Hawthorpe is mentioned in the Domesday Book as "Awartorp", in the Beltisloe Hundred of Kesteven. It comprised 2 households, 2 villagers and 4 freemen, with 2.9 ploughlands, a meadow of 8 acre and woodland of 320 acre. In 1066 the Lord was Healfdene; after 1086 Lordship was given to Alfred of Lincoln.
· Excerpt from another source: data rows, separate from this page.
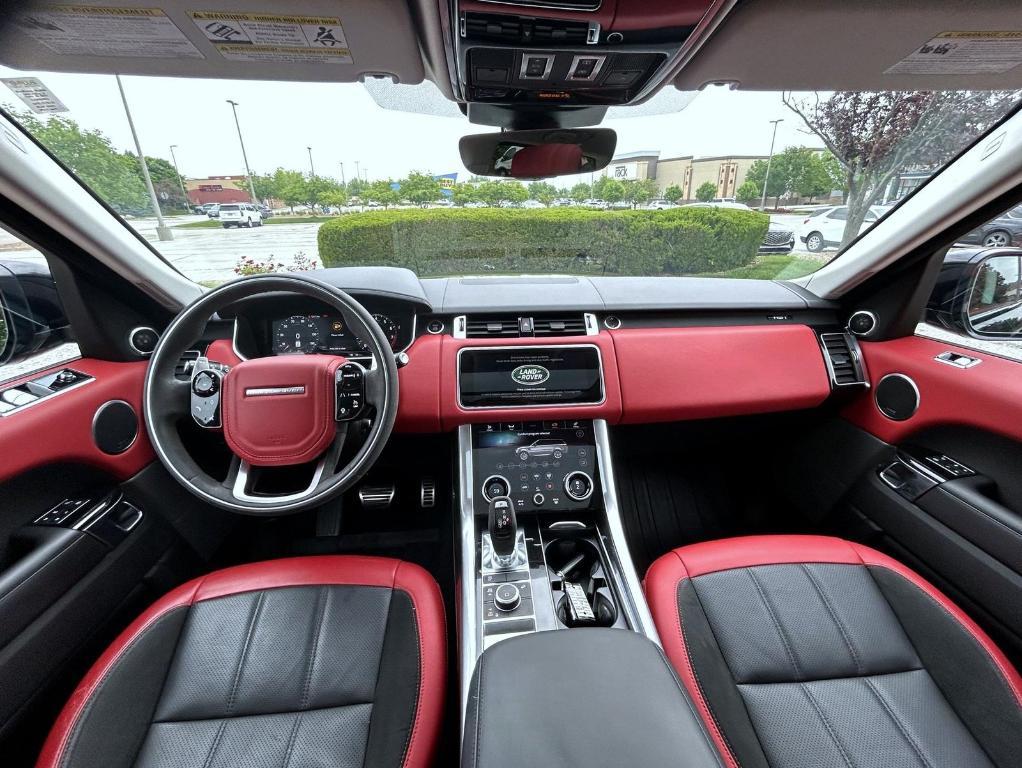used 2019 Land Rover Range Rover Sport car, priced at $29,999
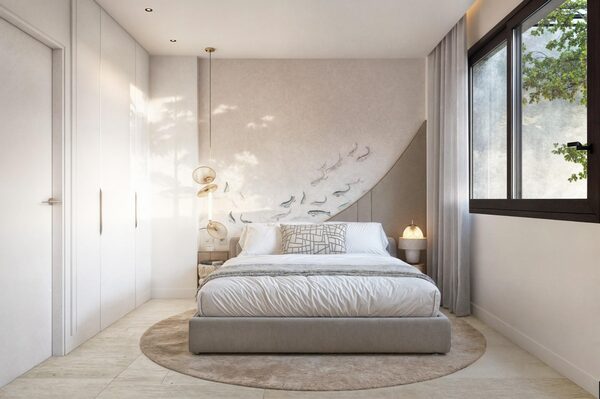 Penthouse w Manilva, Hiszpania, 220m² - obraz 9
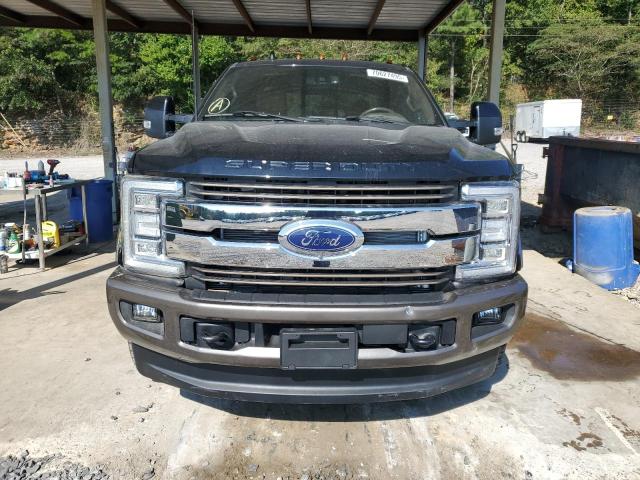 1FT7W2BT0KEC20020 - 2019 FORD F250 SUPER DUTY أسود صورة 5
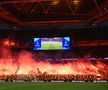 Atmosferă incendiară la Dortmund - Real Madrid/ foto Guliver/GettyImages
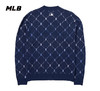 MLB满印钻石老花男女同款针织开衫3AKCM0244 商品缩略图7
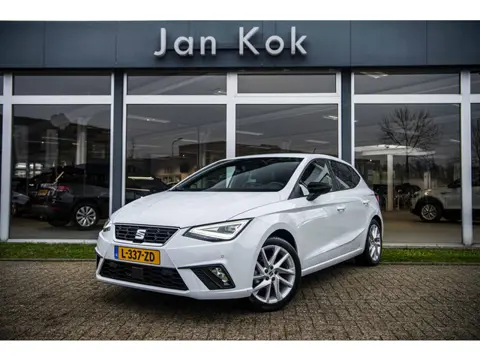 SEAT Ibiza 1.0 TSi 95 pk FR | Facelift | Signature LED | Parkeersensoren | Climatronic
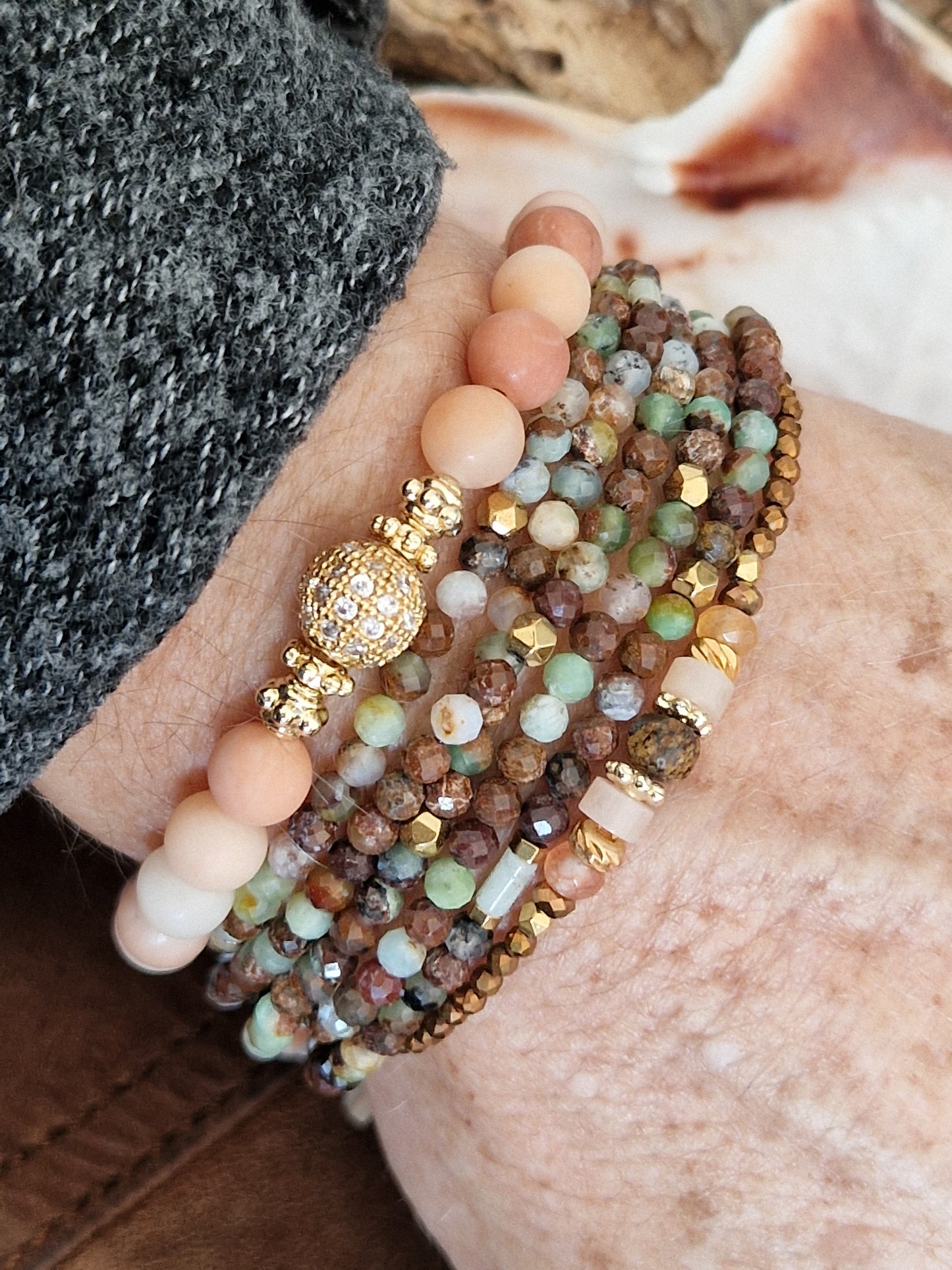 Eden Co - Bracelet Alba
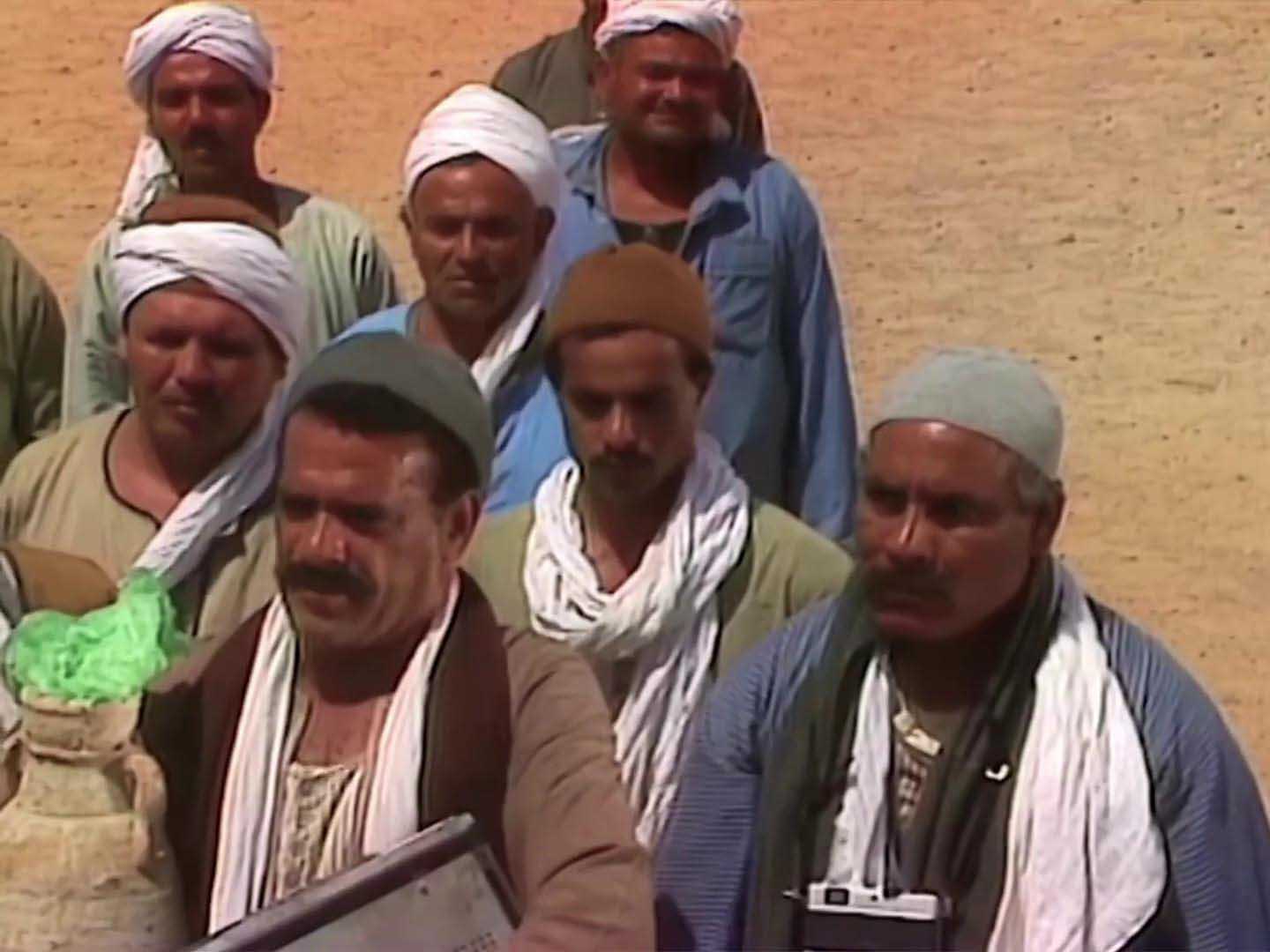 Fathy Ibrahim
	  	 	 - Salah Abdalla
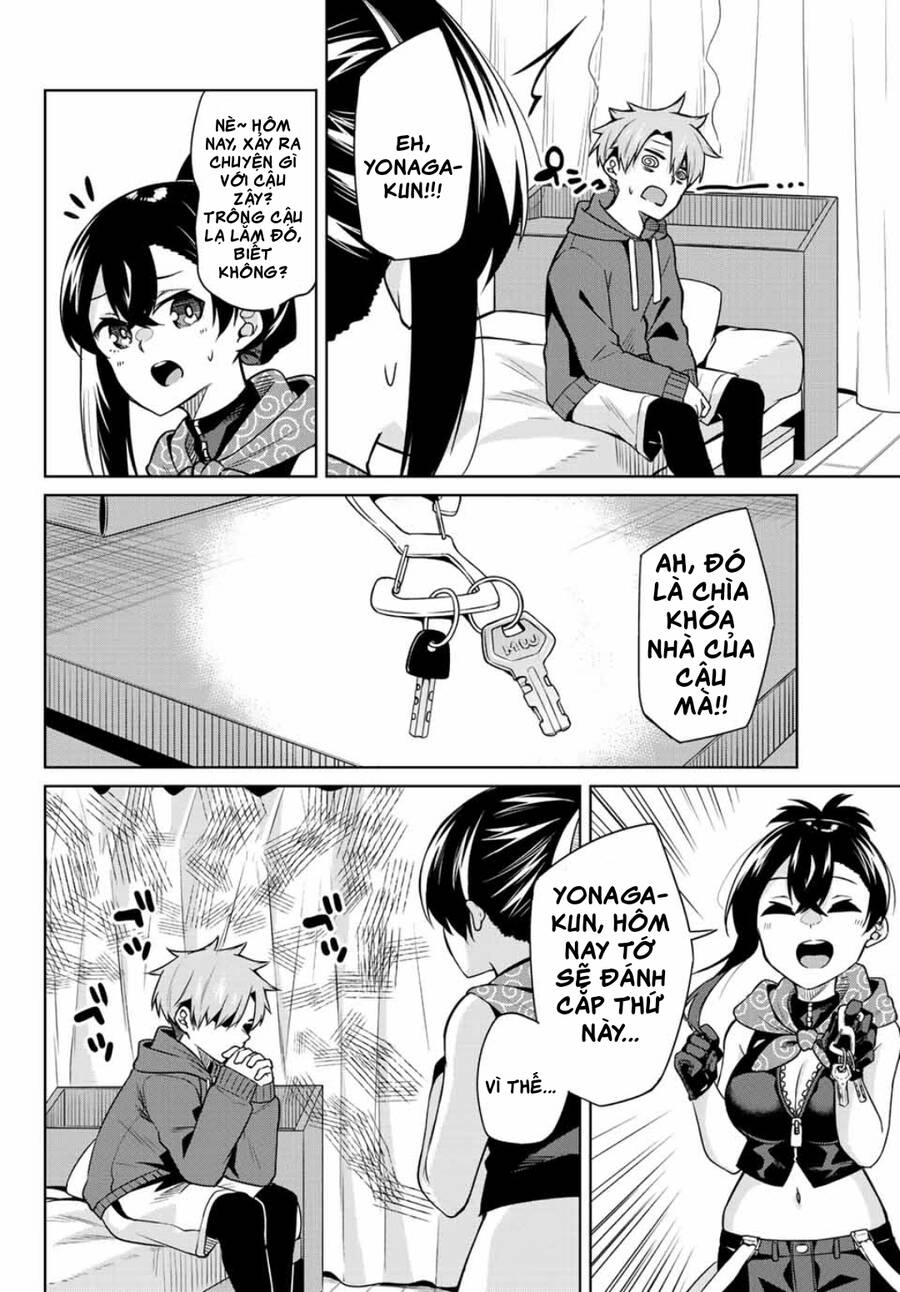 Nàng Trộm Chapter 10 - 9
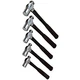 ATD Tools ATD-4035 5PC BALL PEIN HAMMER ST FGLASS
In the 1872 White's Directory the two hamlets of Bulby and Hawthorpe were grouped as Bulby-cum-Hawthorpe forming the eastern side of Irnham parish, being a joint township with a population of 180 in 1767 acre "of fertile land". About 1000 acre of Bulby-cum-Hawthorpe land was purchased by Rev. William Watson Smith in about 1840, who built on it the Elizabethan-style Bulby House and grounds. By 1872, Bulby House and 1100 acre of township land was owned by Gilbert Heathcote-Drummond-Willoughby, 1st Earl of Ancaster (Lord Aveland), who was lord of the manor. A moated area evident at the time was said to be the site of Bulby Hall which is "supposed to have been burnt down in the Barons' wars".

In the 1885 Kelly's Directory Hawthorpe is written as having an 1881 population of 70, and as a joint township with the hamlet of Bulby for the support of the poor. Hawthorpe belonged principally to Lord Aveland, who lived at Bulby House.

Listed buildings in the hamlet centre on Hawthorpe Farm, including a 17th-century farmhouse, 19th-century cottages, and 17th- to 19th-century barns and stables, all Grade II.